Work order: Copy the records below exactly as they are written.

Dataset items:
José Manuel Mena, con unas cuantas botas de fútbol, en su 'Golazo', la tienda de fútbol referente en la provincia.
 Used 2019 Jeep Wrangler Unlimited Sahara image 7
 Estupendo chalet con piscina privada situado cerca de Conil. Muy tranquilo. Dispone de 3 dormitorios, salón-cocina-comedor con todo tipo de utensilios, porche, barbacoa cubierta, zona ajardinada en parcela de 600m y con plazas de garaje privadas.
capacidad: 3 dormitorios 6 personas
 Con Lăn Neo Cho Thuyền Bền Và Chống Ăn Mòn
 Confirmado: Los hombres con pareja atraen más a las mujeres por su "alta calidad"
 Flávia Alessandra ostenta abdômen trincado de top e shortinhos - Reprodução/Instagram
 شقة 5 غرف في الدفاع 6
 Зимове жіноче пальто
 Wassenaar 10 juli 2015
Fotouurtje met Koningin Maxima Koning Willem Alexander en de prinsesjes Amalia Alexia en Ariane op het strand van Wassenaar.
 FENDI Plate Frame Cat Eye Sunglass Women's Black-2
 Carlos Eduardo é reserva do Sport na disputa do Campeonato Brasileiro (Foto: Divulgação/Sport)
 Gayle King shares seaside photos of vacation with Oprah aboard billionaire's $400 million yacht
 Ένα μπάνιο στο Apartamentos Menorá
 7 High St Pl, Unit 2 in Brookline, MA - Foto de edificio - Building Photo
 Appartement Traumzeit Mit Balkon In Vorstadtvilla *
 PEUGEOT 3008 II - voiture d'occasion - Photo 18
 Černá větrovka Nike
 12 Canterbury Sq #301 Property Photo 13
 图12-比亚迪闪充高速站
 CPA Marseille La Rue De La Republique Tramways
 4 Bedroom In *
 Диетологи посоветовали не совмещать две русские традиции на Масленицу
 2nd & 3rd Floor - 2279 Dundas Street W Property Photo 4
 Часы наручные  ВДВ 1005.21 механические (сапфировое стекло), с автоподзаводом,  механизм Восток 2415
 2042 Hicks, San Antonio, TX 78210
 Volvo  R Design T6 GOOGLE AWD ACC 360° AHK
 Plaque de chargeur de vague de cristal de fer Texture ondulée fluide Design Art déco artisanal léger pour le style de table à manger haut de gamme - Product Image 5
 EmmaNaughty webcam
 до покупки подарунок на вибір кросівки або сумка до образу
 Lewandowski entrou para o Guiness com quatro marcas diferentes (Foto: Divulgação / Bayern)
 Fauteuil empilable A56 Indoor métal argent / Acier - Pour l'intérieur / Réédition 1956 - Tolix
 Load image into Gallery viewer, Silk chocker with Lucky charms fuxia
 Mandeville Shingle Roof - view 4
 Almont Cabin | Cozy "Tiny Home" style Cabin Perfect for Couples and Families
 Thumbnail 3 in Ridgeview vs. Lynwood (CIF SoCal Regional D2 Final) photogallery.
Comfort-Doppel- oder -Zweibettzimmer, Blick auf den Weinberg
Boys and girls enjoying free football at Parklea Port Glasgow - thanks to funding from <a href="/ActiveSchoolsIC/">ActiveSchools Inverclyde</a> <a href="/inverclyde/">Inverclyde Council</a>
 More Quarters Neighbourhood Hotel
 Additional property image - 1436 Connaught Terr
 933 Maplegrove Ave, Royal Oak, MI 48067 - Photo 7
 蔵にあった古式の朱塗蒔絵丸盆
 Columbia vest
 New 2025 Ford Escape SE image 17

Written answer:
José Manuel Mena, con unas cuantas botas de fútbol, en su 'Golazo', la tienda de fútbol referente en la provincia.
 Used 2019 Jeep Wrangler Unlimited Sahara image 7
 Estupendo chalet con piscina privada situado cerca de Conil. Muy tranquilo. Dispone de 3 dormitorios, salón-cocina-comedor con todo tipo de utensilios, porche, barbacoa cubierta, zona ajardinada en parcela de 600m y con plazas de garaje privadas.
capacidad: 3 dormitorios 6 personas
 Con Lăn Neo Cho Thuyền Bền Và Chống Ăn Mòn
 Confirmado: Los hombres con pareja atraen más a las mujeres por su "alta calidad"
 Flávia Alessandra ostenta abdômen trincado de top e shortinhos - Reprodução/Instagram
 شقة 5 غرف في الدفاع 6
 Зимове жіноче пальто
 Wassenaar 10 juli 2015
Fotouurtje met Koningin Maxima Koning Willem Alexander en de prinsesjes Amalia Alexia en Ariane op het strand van Wassenaar.
 FENDI Plate Frame Cat Eye Sunglass Women's Black-2
 Carlos Eduardo é reserva do Sport na disputa do Campeonato Brasileiro (Foto: Divulgação/Sport)
 Gayle King shares seaside photos of vacation with Oprah aboard billionaire's $400 million yacht
 Ένα μπάνιο στο Apartamentos Menorá
 7 High St Pl, Unit 2 in Brookline, MA - Foto de edificio - Building Photo
 Appartement Traumzeit Mit Balkon In Vorstadtvilla *
 PEUGEOT 3008 II - voiture d'occasion - Photo 18
 Černá větrovka Nike
 12 Canterbury Sq #301 Property Photo 13
 图12-比亚迪闪充高速站
 CPA Marseille La Rue De La Republique Tramways
 4 Bedroom In *
 Диетологи посоветовали не совмещать две русские традиции на Масленицу
 2nd & 3rd Floor - 2279 Dundas Street W Property Photo 4
 Часы наручные  ВДВ 1005.21 механические (сапфировое стекло), с автоподзаводом,  механизм Восток 2415
 2042 Hicks, San Antonio, TX 78210
 Volvo  R Design T6 GOOGLE AWD ACC 360° AHK
 Plaque de chargeur de vague de cristal de fer Texture ondulée fluide Design Art déco artisanal léger pour le style de table à manger haut de gamme - Product Image 5
 EmmaNaughty webcam
 до покупки подарунок на вибір кросівки або сумка до образу
 Lewandowski entrou para o Guiness com quatro marcas diferentes (Foto: Divulgação / Bayern)
 Fauteuil empilable A56 Indoor métal argent / Acier - Pour l'intérieur / Réédition 1956 - Tolix
 Load image into Gallery viewer, Silk chocker with Lucky charms fuxia
 Mandeville Shingle Roof - view 4
 Almont Cabin | Cozy "Tiny Home" style Cabin Perfect for Couples and Families
 Thumbnail 3 in Ridgeview vs. Lynwood (CIF SoCal Regional D2 Final) photogallery.
Comfort-Doppel- oder -Zweibettzimmer, Blick auf den Weinberg
Boys and girls enjoying free football at Parklea Port Glasgow - thanks to funding from <a href="/ActiveSchoolsIC/">ActiveSchools Inverclyde</a> <a href="/inverclyde/">Inverclyde Council</a>
 More Quarters Neighbourhood Hotel
 Additional property image - 1436 Connaught Terr
 933 Maplegrove Ave, Royal Oak, MI 48067 - Photo 7
 蔵にあった古式の朱塗蒔絵丸盆
 Columbia vest
 New 2025 Ford Escape SE image 17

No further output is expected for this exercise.